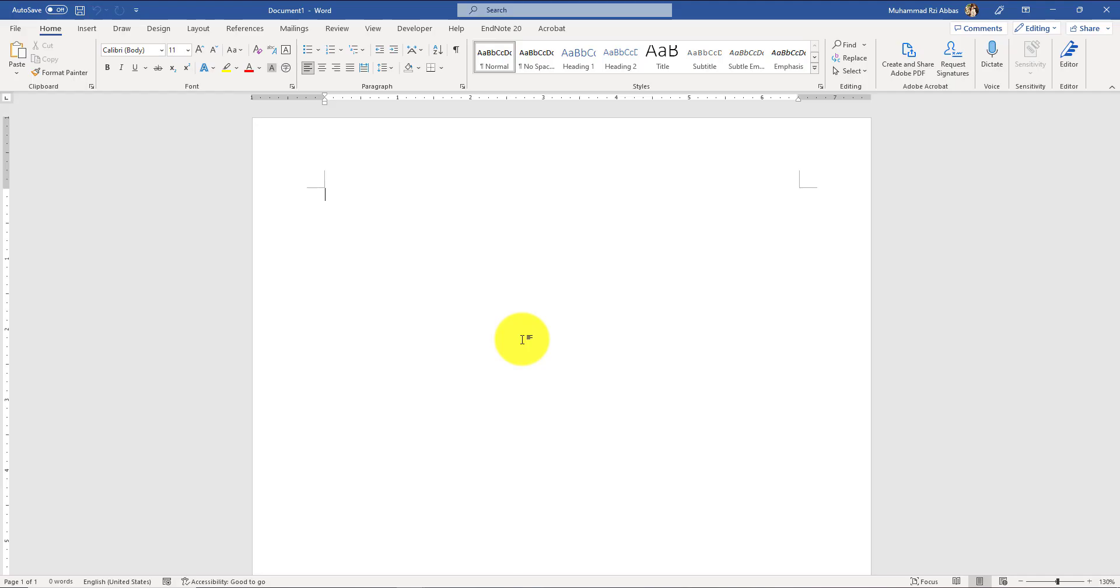Hi, today I'm going to show you a new tool that is based on the GPT-3 model and can be installed in Microsoft Word to help you write blogs, articles, and whatever you want.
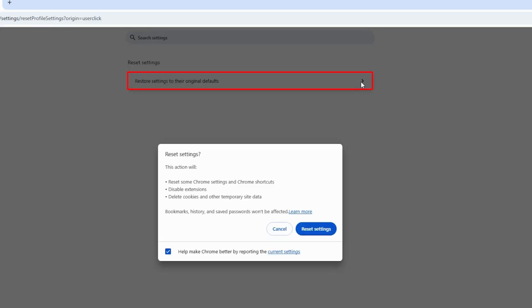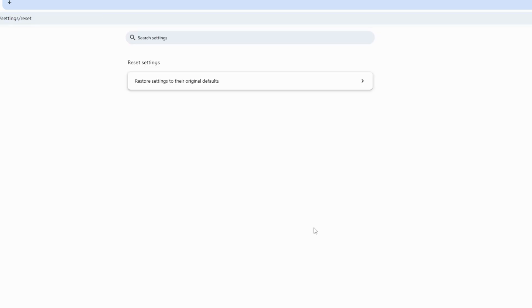Next, choose Restore Settings to their original defaults and click Reset Settings to confirm.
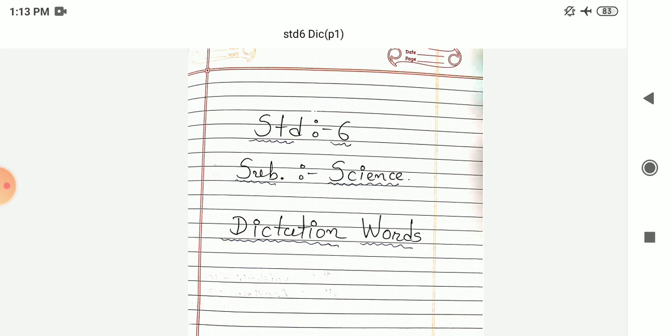Next twenty-two number: Starch. Starch. Twenty-three number: Vitamins. Vitamins. Next twenty-four number: Calcium. Calcium.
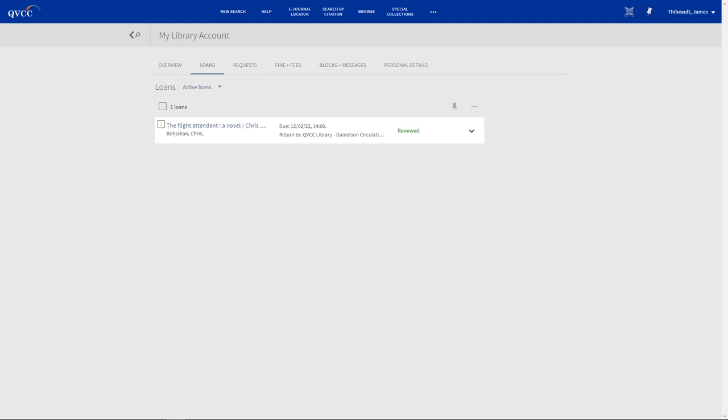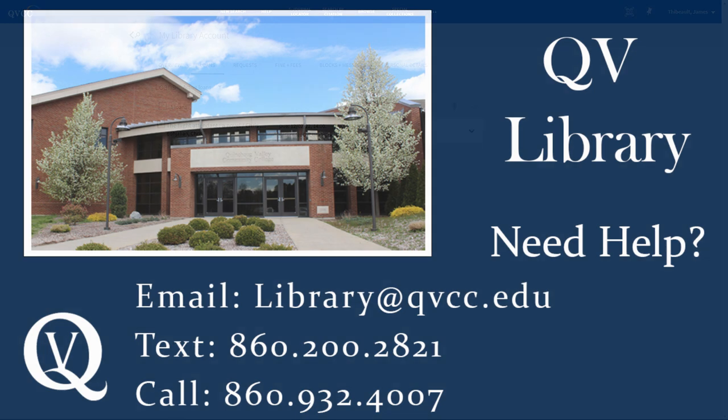Most books will have only one renew available, so you cannot renew indefinitely. And keep in mind that certain items like renting laptops or calculators from us may not be renewable by this method.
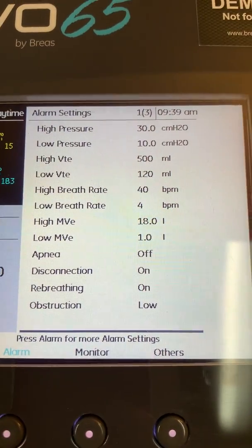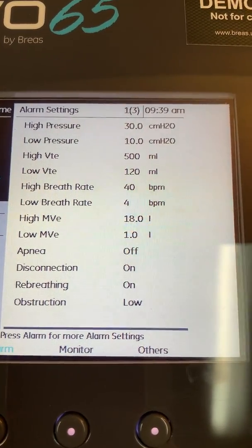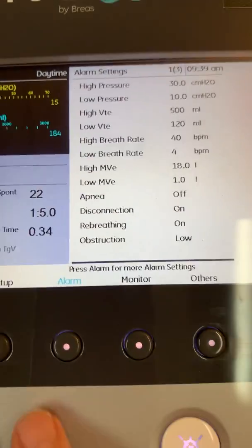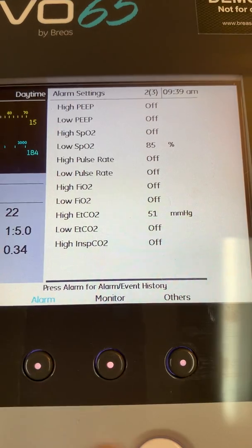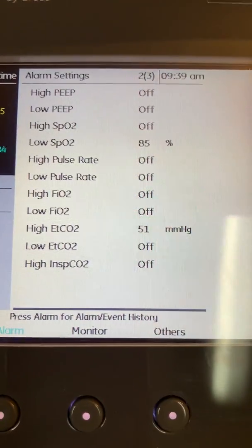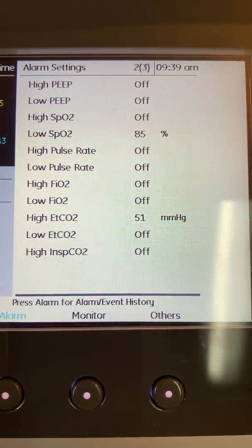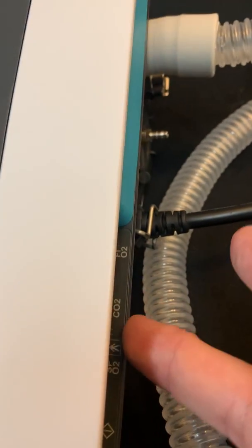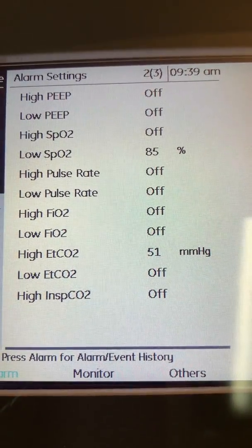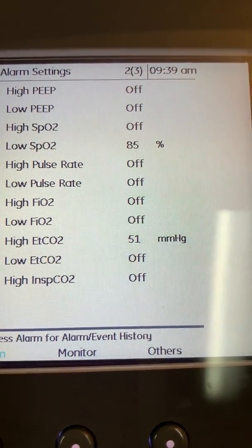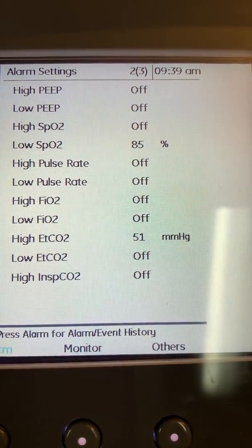This is a quick overview of page one of our alarm settings. To get to page two, I simply hit the alarm button again, which scrolls me to page two. The page two alarms are associated with our advanced diagnostic features — our end-tidal CO2, our FiO2, and our SpO2. You can set high and low values for each of those advanced diagnostics.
◇ ◇ ◇ ◇ ◇ ◇ ◇
_THE TASK_:
The lines from the one containing "Next, choose Restore" through the last line above are to be repeated exactly, and only those. Any pictures must be left out.

_RESULT OF THIS TASK_:
Next, choose Restore Settings to their original defaults and click Reset Settings to confirm.
Next twenty-two number: Starch. Starch. Twenty-three number: Vitamins. Vitamins. Next twenty-four number: Calcium. Calcium.
Most books will have only one renew available, so you cannot renew indefinitely. And keep in mind that certain items like renting laptops or calculators from us may not be renewable by this method.
This is a quick overview of page one of our alarm settings. To get to page two, I simply hit the alarm button again, which scrolls me to page two. The page two alarms are associated with our advanced diagnostic features — our end-tidal CO2, our FiO2, and our SpO2. You can set high and low values for each of those advanced diagnostics.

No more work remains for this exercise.